Task statement:
Where a record holds a picture, leave the picture out; otherwise repeat every record exactly.

(Stored records)
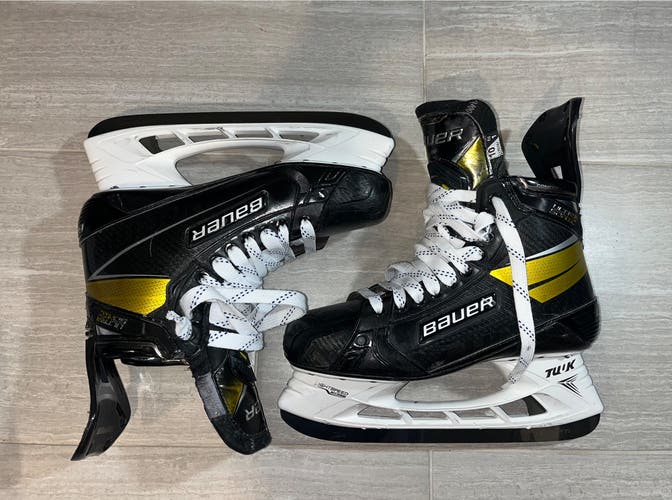 Senior Bauer Regular Width   10 Supreme UltraSonic Hockey Skates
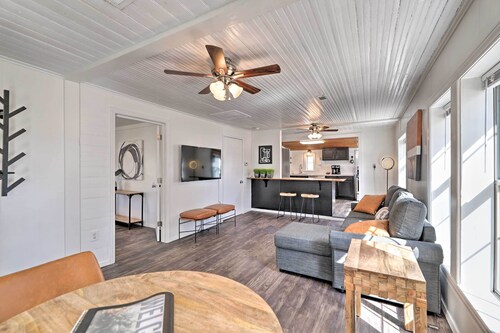 Idyllic Fayetteville Home - Walk to UA Campus!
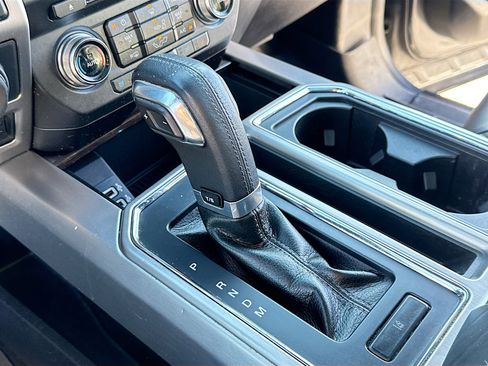 Used 2017 Ford F150 Platinum w/ Equipment Group 701A Luxury image 12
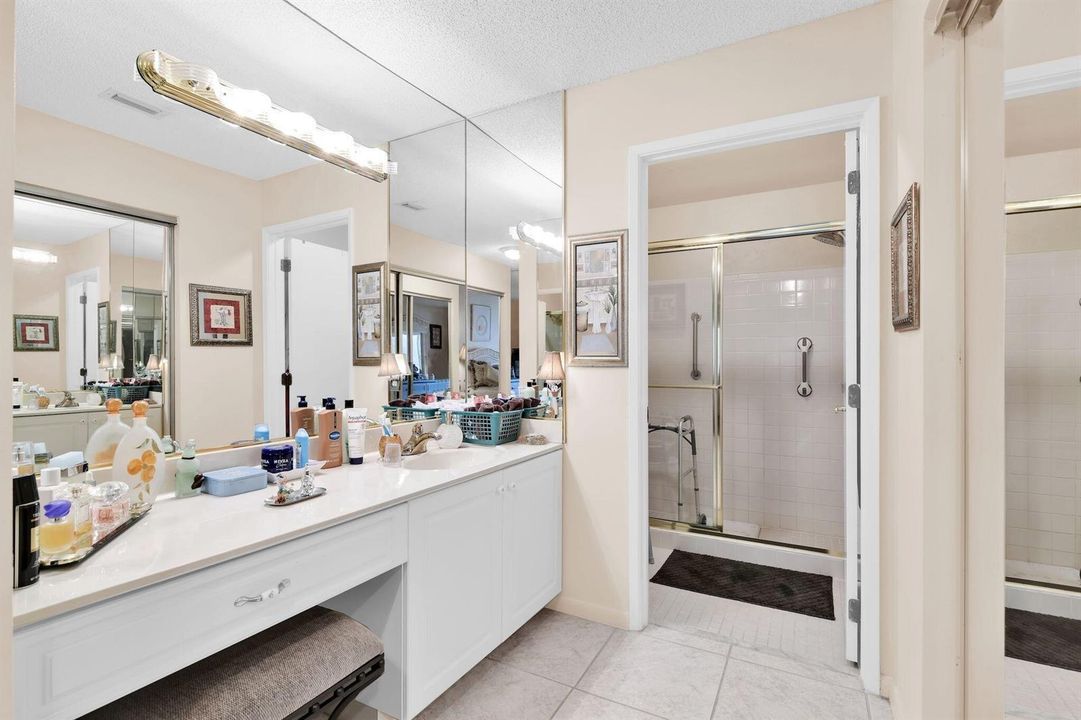 8955 Seascape Ln Primary Bath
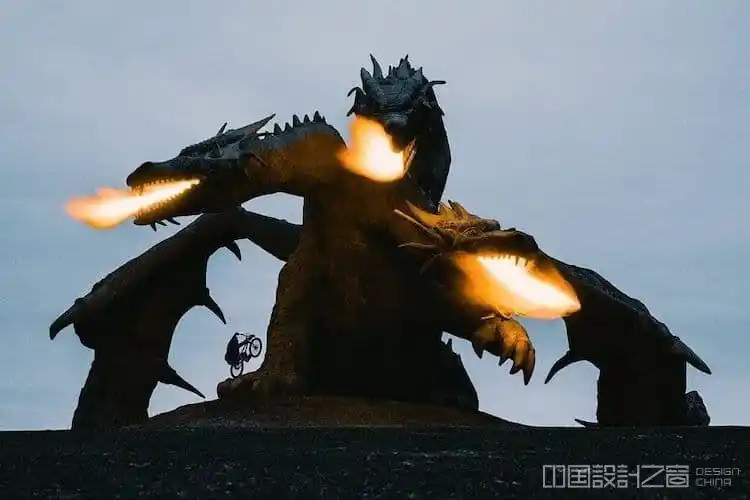 49英尺高的三头龙雕塑在俄罗斯燃起真正的火焰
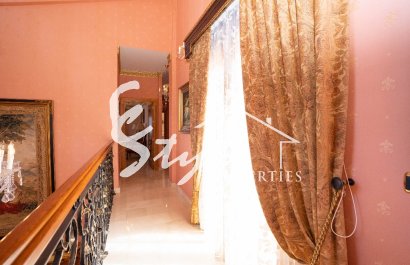 Вторичное жилье - Вилла - Кампоамор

Exercise output:
 Senior Bauer Regular Width   10 Supreme UltraSonic Hockey Skates
 Idyllic Fayetteville Home - Walk to UA Campus!
 Used 2017 Ford F150 Platinum w/ Equipment Group 701A Luxury image 12
 8955 Seascape Ln Primary Bath
 49英尺高的三头龙雕塑在俄罗斯燃起真正的火焰
 Вторичное жилье - Вилла - Кампоамор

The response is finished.